Stay wet or else: three ways in which plants can adjust hydraulically to their environment.

The literature on whole-plant acclimation to drought is reviewed and it is proposed that leaf-level homeostasis in water status is attained during ontogeny largely thanks to whole-plant changes in physical resistance to liquid water flow caused by morphological and anatomical adjustments. It is shown that, in response to water deficits, plant resistance changes at different levels (tissue, organ, individual), levels that are correlated with the time scale of the response. It was found that such adjustments apparently tend to increase resistance to flow in the short term and to reduce it in the long term. A critical view of those findings is provided based on the principle that drought-induced changes cannot be analysed separately from the allometric changes that take place through ontogeny, as for example proposed by the widely cited hydraulic limitation hypothesis.

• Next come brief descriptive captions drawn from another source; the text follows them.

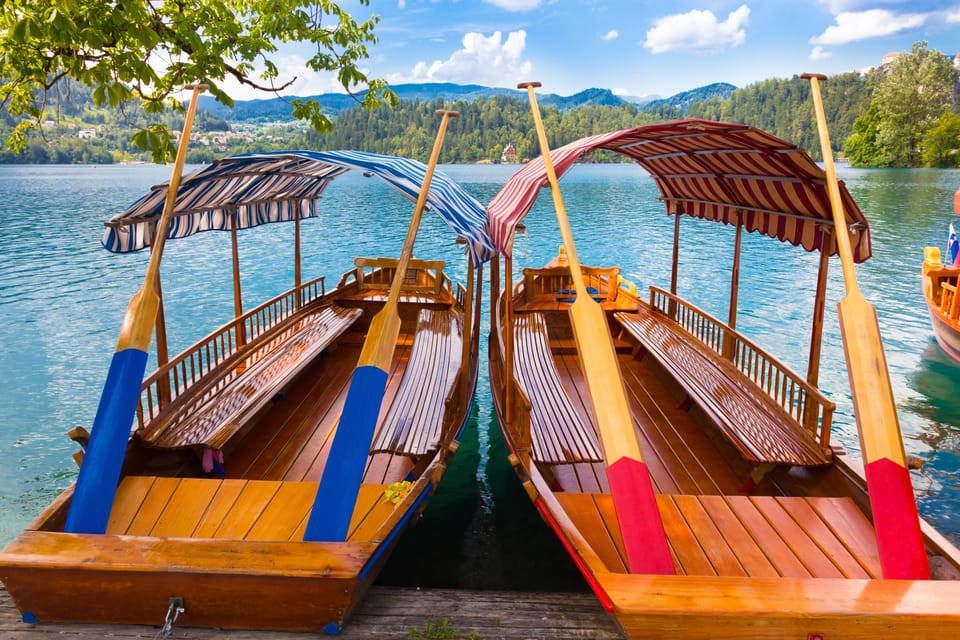 Ljubljana: Lake Bled & Triglav National Park Full-Day Trip - Nearby Attractions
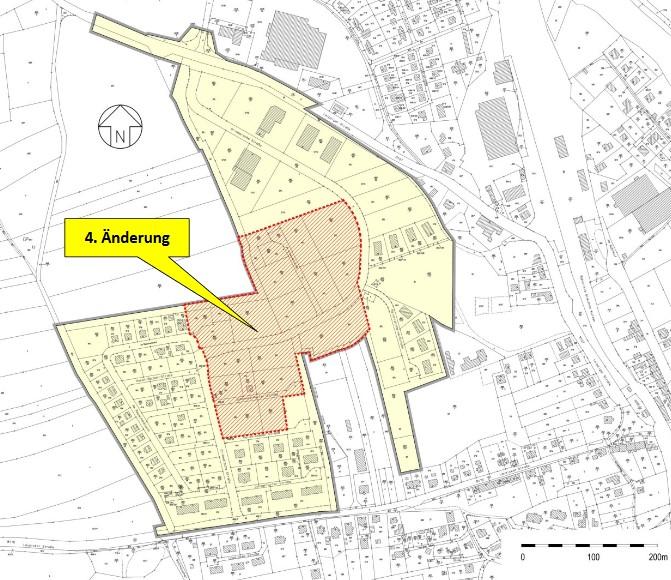 Gewerbegebiet, Industriegebiet: Gewerbe- und Wohngebiet Colditz (Commercial industrial area)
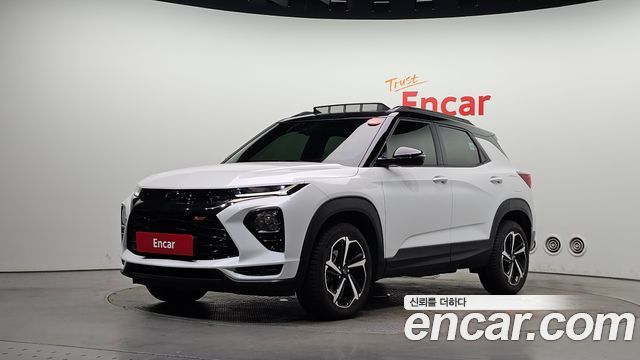 Chevrolet Trailblazer 1.3 Turbo 4WD RS 2021 — фото 1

A graphic synthetic model is presented according to which developmental responses to water deficits operate largely through reductions in whole-plant water transport capacity, combined with more or less strong reductions in leaf area (different "hydraulic allometries"), depending on the intrinsic tolerance of leaf tissues to partial desiccation. The model is used to show that, as the result of such adjustments, the water transport capacity per unit leaf area can decrease, remain constant, or increase, and it is argued that the expected leaf-level response would be different in each case, respectively involving a decreased, constant, or increased potential for transpiration. The article ends with a plea to collect the evidence needed to evaluate the occurrence of these three different response types across taxa and their association with different environments, including the reanalysis of existing data.